WHAT IS BEING ASKED: Below is a listing with pictures. Repeat exactly the lines starting at the one holding "Wall photo mural" and going on through the one holding "Roast, 16 Ounce", and leave every picture out.
START DATA FOR THIS TASK
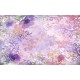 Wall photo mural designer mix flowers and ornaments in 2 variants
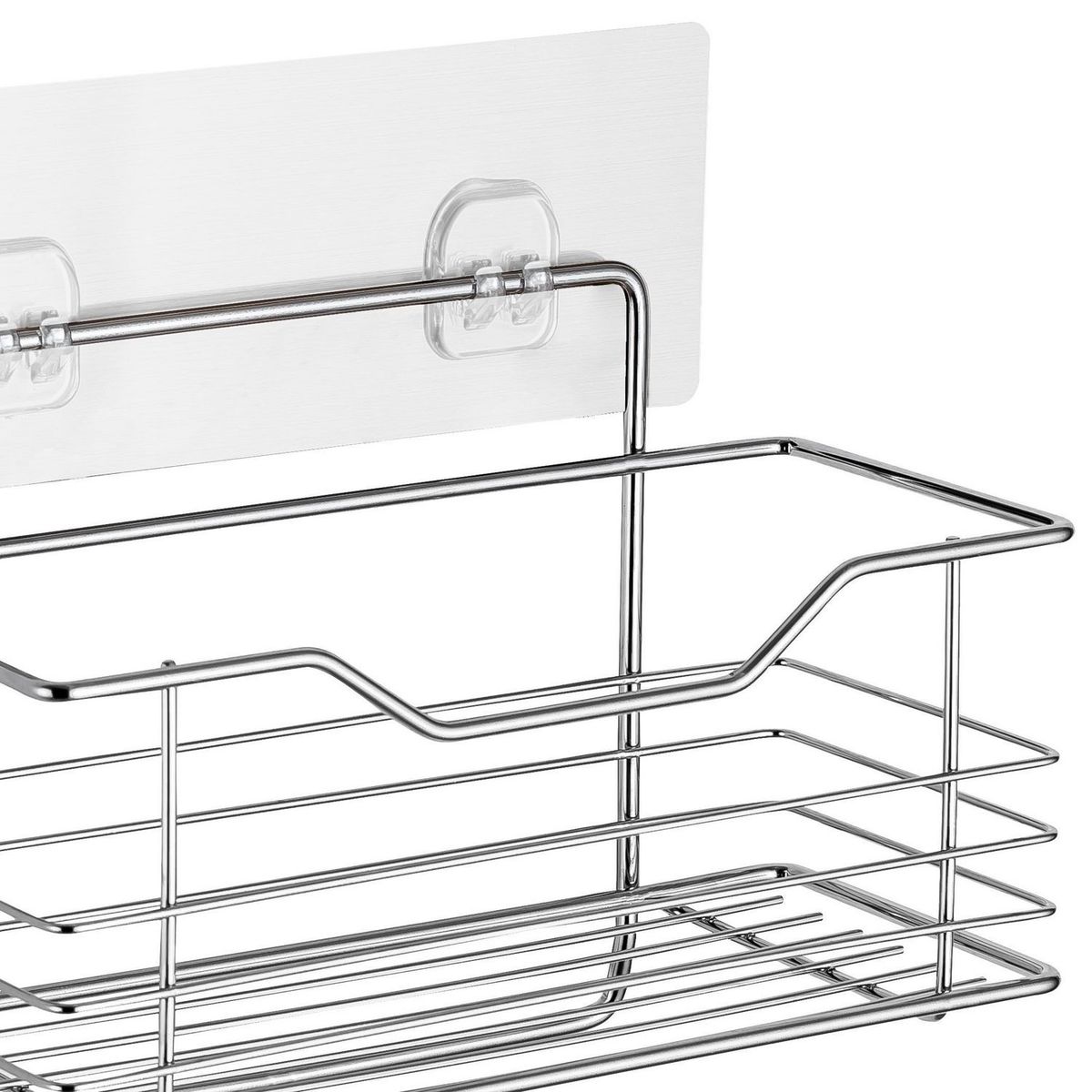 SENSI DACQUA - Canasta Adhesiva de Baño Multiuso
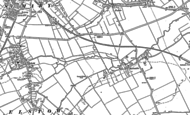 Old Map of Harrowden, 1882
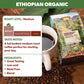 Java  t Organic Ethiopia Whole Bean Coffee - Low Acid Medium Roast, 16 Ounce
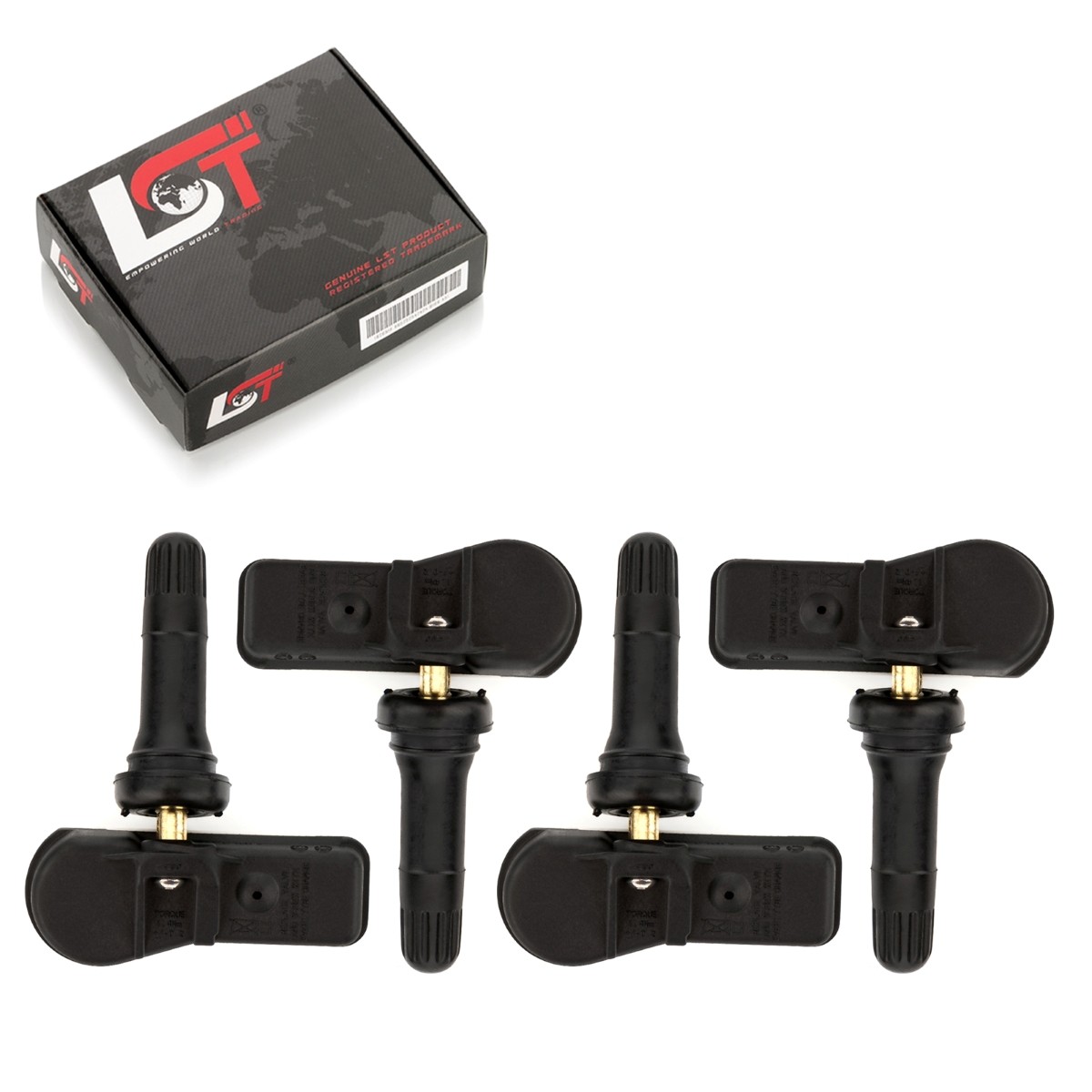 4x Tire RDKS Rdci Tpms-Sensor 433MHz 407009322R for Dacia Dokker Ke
END DATA FOR THIS TASK
START DATA FOR THIS TASK
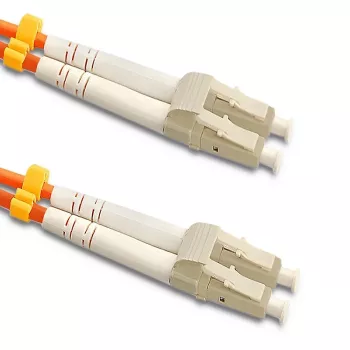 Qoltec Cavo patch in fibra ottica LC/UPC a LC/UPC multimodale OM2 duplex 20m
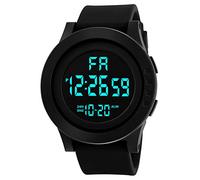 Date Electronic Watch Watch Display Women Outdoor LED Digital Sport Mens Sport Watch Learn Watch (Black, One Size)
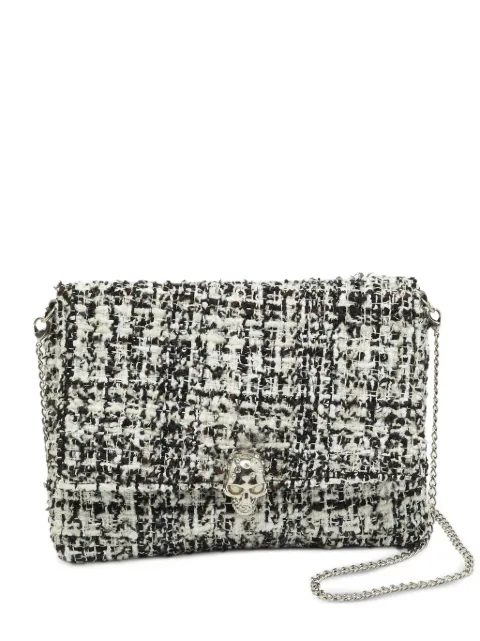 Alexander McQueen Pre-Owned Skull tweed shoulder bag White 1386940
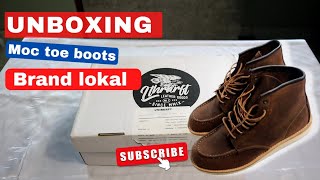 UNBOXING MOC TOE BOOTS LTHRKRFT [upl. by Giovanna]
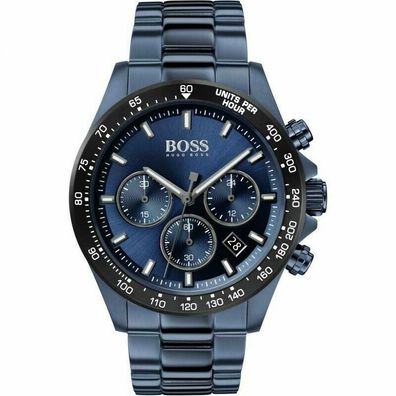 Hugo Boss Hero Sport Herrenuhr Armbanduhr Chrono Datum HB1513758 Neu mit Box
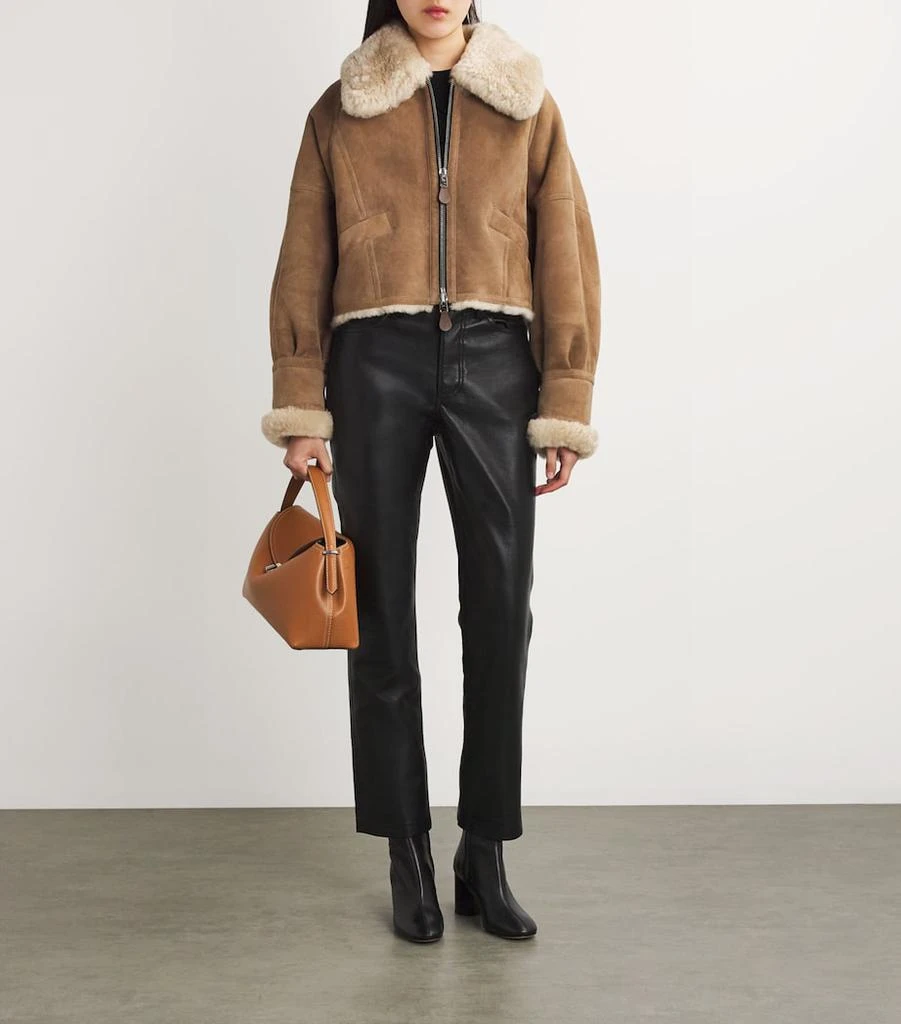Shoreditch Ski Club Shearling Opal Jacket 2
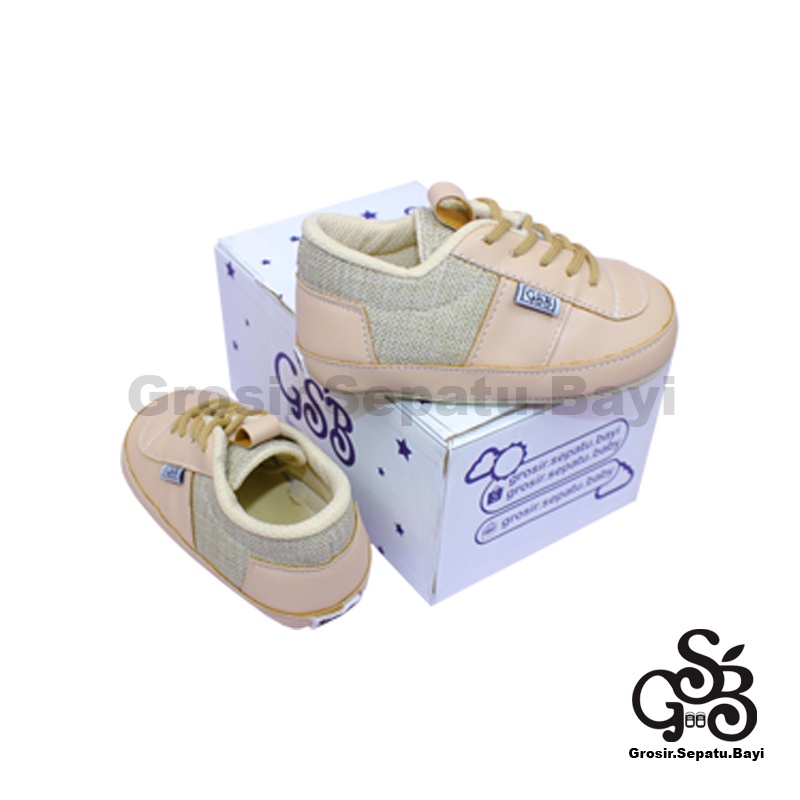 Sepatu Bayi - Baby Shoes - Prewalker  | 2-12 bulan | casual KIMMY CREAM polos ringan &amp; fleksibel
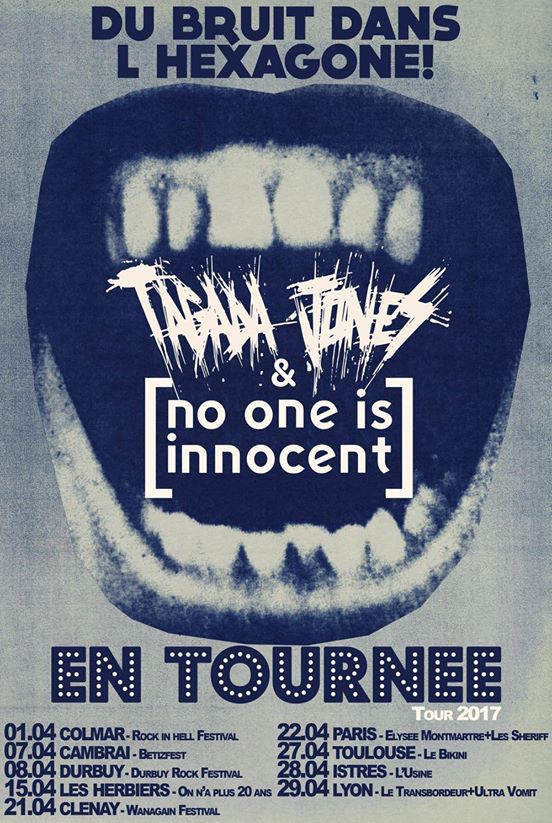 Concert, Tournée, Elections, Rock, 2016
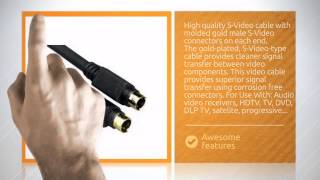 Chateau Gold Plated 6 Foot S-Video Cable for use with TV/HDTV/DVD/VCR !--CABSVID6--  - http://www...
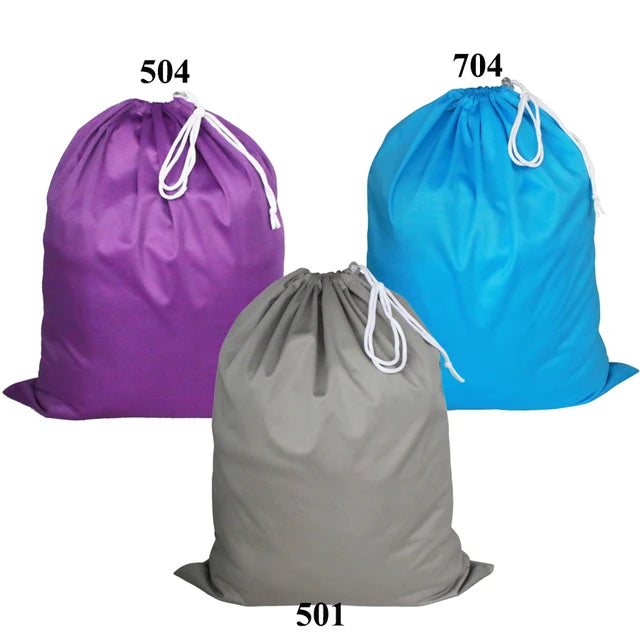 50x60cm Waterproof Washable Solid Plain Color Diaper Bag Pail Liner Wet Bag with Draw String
END DATA FOR THIS TASK
START DATA FOR THIS TASK
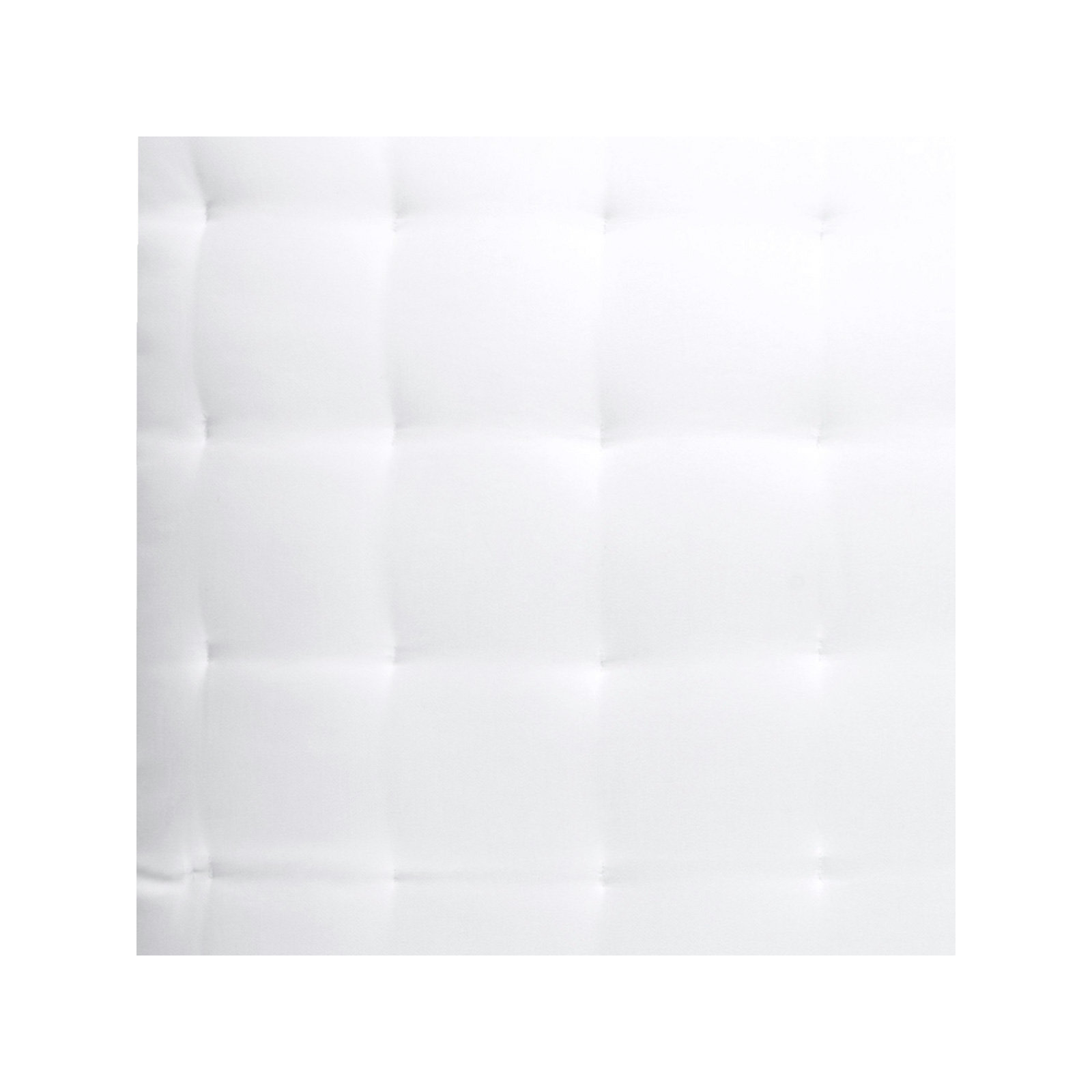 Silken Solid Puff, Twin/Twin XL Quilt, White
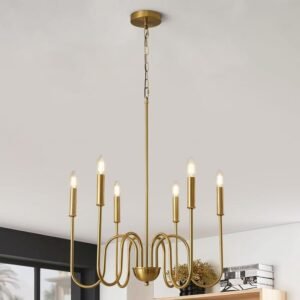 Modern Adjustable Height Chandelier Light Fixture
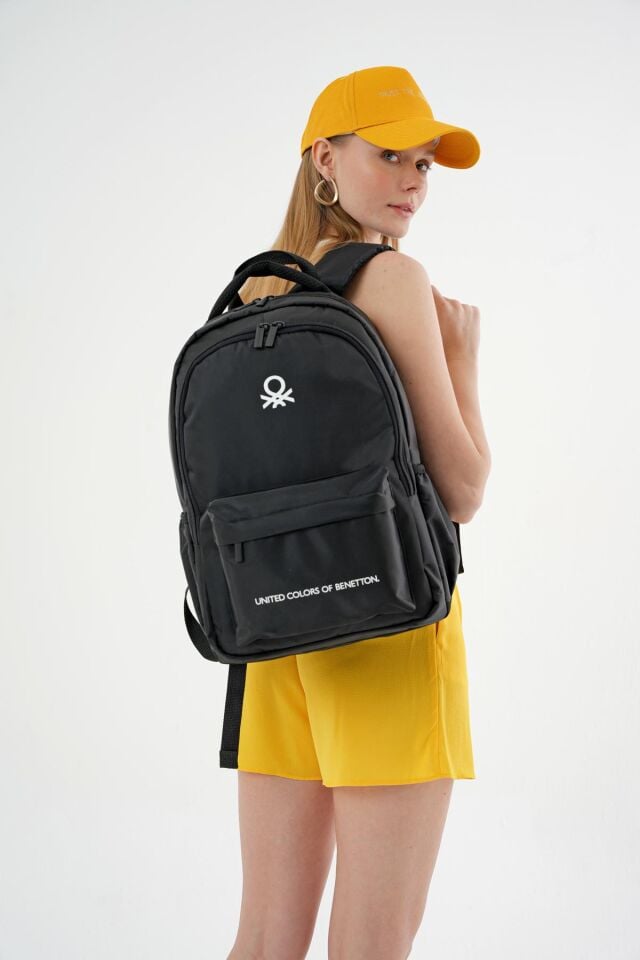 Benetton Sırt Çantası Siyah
END DATA FOR THIS TASK
SOLVED PROBLEM:
 Wall photo mural designer mix flowers and ornaments in 2 variants
 SENSI DACQUA - Canasta Adhesiva de Baño Multiuso
 Old Map of Harrowden, 1882
 Java  t Organic Ethiopia Whole Bean Coffee - Low Acid Medium Roast, 16 Ounce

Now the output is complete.